[Data extracted from a collection]

-*-*-

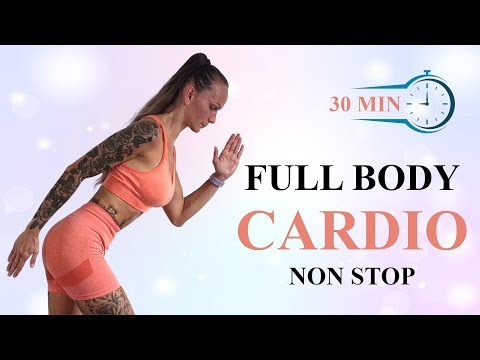 30 MIN ALL STANDING | NON-STOP FBW CARDIO Workout | Full Body HIIT | No Repeat | No Equipment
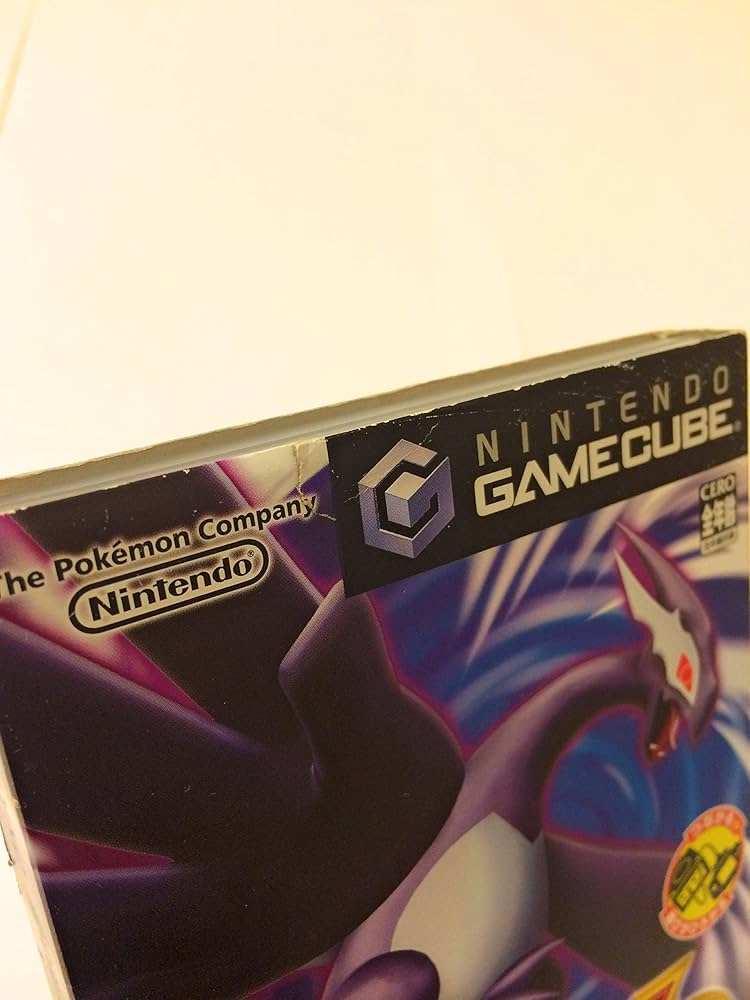 Amazon | ポケモンXD 闇の旋風(かぜ) ダーク・ルギア | ゲームソフト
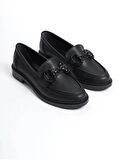 Kadın Loafer Makosen Casual Tokalı Günlük Ayakkabı Şık Ve Rahat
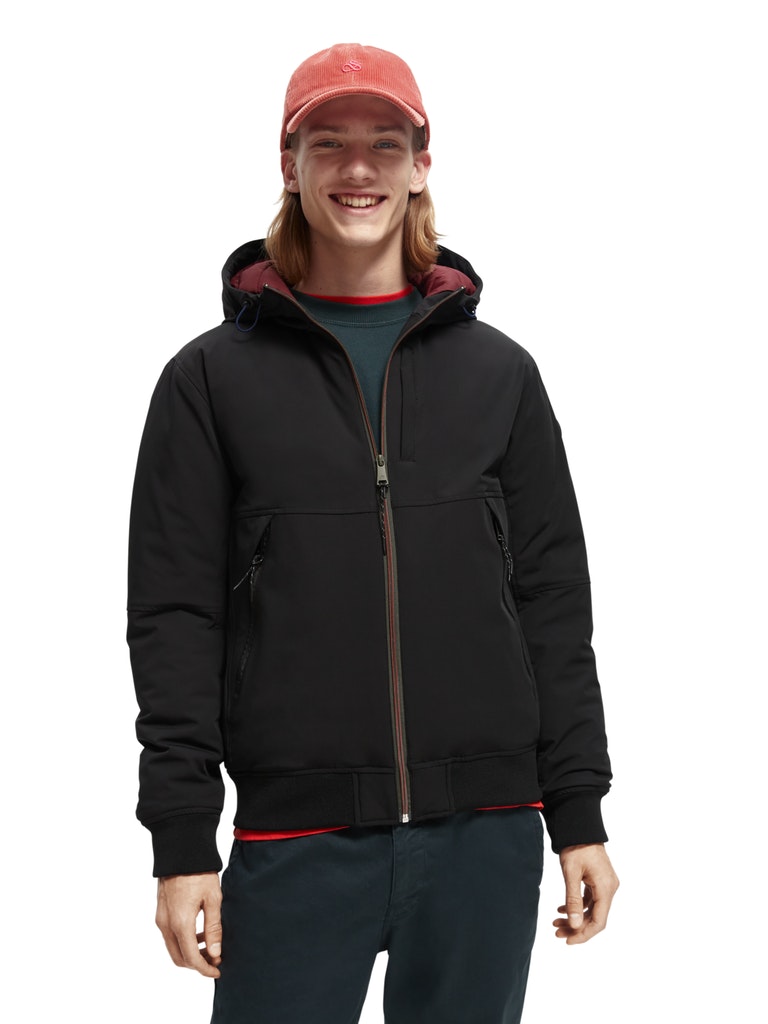 Scotch & Soda Herren Jacke 169096 Black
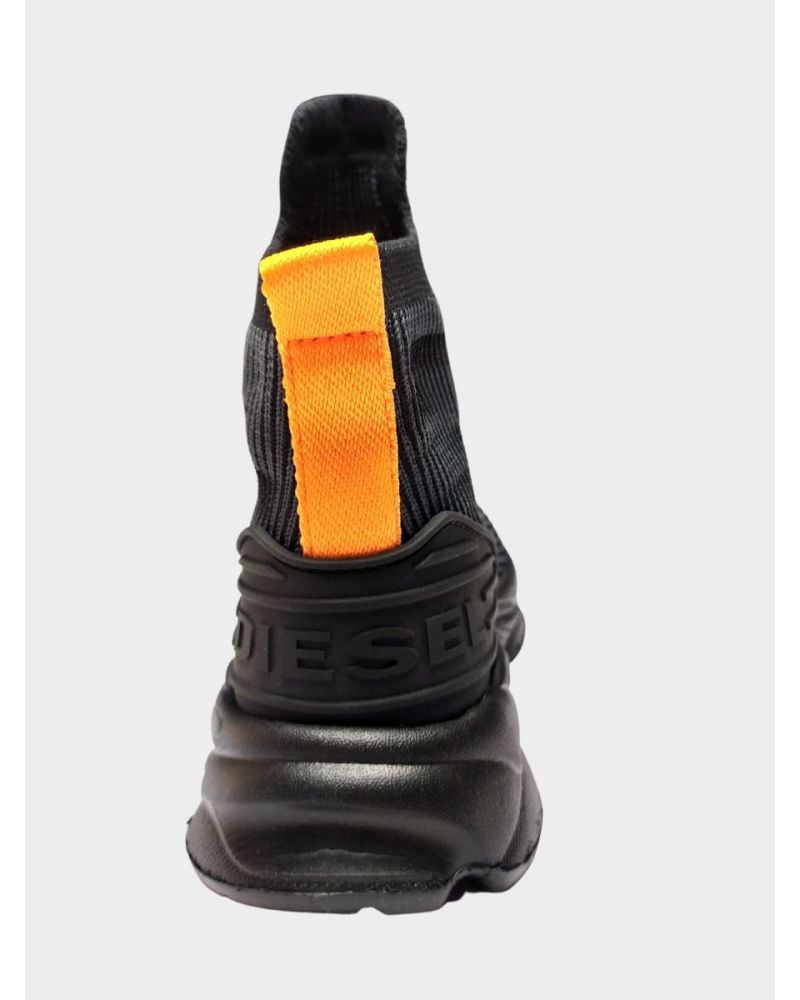 Stivaletti Diesel Bambini e ragazzi Nero - Autunno/Inverno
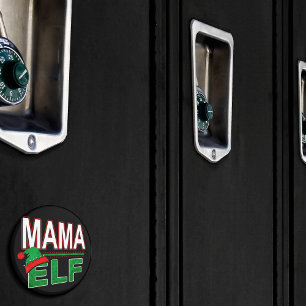 Elf Family Mama Elf Christmas Holiday #TeamElf Magnet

-*-*-

● **WHAT THIS TASK INVOLVES**
Write the lines above out again exactly, excluding every picture.

● **TASK RESULT**
 30 MIN ALL STANDING | NON-STOP FBW CARDIO Workout | Full Body HIIT | No Repeat | No Equipment
 Amazon | ポケモンXD 闇の旋風(かぜ) ダーク・ルギア | ゲームソフト
 Kadın Loafer Makosen Casual Tokalı Günlük Ayakkabı Şık Ve Rahat
 Scotch & Soda Herren Jacke 169096 Black
 Stivaletti Diesel Bambini e ragazzi Nero - Autunno/Inverno
 Elf Family Mama Elf Christmas Holiday #TeamElf Magnet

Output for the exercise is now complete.